• What you are asked to do
Among the entries, find each line that includes the string "Kids" and list it.

• Data supplied
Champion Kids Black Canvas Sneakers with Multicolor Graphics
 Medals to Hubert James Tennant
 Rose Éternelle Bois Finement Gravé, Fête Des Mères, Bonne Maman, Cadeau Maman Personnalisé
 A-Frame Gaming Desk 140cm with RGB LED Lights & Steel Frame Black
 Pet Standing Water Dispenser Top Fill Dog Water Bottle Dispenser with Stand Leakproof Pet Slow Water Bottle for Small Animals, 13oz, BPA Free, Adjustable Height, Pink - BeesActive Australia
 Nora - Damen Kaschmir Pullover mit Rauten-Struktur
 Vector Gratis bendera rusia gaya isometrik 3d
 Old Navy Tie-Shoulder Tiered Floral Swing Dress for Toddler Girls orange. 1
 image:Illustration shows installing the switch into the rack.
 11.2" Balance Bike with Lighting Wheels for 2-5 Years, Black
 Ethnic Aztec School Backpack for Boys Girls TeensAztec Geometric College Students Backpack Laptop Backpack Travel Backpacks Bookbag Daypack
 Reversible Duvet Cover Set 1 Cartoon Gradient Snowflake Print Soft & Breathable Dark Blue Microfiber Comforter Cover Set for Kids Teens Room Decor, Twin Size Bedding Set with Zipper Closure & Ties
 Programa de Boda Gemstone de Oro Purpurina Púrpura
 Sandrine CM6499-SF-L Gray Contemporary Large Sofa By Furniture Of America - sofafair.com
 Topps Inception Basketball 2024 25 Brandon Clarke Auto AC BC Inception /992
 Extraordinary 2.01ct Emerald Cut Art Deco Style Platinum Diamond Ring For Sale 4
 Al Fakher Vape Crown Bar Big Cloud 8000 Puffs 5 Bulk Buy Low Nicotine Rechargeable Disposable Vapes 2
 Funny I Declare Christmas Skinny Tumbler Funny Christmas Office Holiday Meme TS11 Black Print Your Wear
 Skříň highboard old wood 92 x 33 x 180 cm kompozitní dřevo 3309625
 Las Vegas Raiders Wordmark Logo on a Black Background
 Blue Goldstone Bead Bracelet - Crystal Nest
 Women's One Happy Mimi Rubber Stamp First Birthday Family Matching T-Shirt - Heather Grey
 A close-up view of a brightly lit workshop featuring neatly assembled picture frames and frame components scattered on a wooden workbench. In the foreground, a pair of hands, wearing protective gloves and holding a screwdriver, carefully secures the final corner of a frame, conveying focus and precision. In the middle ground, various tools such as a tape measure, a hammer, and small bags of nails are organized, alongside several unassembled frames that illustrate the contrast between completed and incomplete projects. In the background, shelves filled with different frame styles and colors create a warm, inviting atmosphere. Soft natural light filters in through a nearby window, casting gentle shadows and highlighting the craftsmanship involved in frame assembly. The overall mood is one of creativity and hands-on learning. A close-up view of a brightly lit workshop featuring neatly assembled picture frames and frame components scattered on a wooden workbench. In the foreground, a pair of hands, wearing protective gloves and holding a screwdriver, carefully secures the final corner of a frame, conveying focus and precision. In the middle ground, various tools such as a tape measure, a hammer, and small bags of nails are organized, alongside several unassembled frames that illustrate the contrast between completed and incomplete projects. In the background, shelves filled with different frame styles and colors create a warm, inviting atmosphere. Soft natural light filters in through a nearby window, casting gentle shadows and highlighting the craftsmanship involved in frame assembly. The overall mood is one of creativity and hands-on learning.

• Output
Champion Kids Black Canvas Sneakers with Multicolor Graphics
 Reversible Duvet Cover Set 1 Cartoon Gradient Snowflake Print Soft & Breathable Dark Blue Microfiber Comforter Cover Set for Kids Teens Room Decor, Twin Size Bedding Set with Zipper Closure & Ties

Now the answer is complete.